:: What to work on ::
Transcribe the listing below in its entirety, exactly.

:: Materials provided ::
· · · · ·

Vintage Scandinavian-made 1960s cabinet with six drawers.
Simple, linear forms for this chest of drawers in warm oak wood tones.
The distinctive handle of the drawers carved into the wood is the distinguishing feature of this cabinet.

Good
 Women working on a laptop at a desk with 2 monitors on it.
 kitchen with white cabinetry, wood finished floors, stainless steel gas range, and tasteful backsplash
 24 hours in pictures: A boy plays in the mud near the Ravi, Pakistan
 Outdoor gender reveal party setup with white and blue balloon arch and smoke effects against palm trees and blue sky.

· · · · ·

:: Reply ::
Vintage Scandinavian-made 1960s cabinet with six drawers.
Simple, linear forms for this chest of drawers in warm oak wood tones.
The distinctive handle of the drawers carved into the wood is the distinguishing feature of this cabinet.

Good
 Women working on a laptop at a desk with 2 monitors on it.
 kitchen with white cabinetry, wood finished floors, stainless steel gas range, and tasteful backsplash
 24 hours in pictures: A boy plays in the mud near the Ravi, Pakistan
 Outdoor gender reveal party setup with white and blue balloon arch and smoke effects against palm trees and blue sky.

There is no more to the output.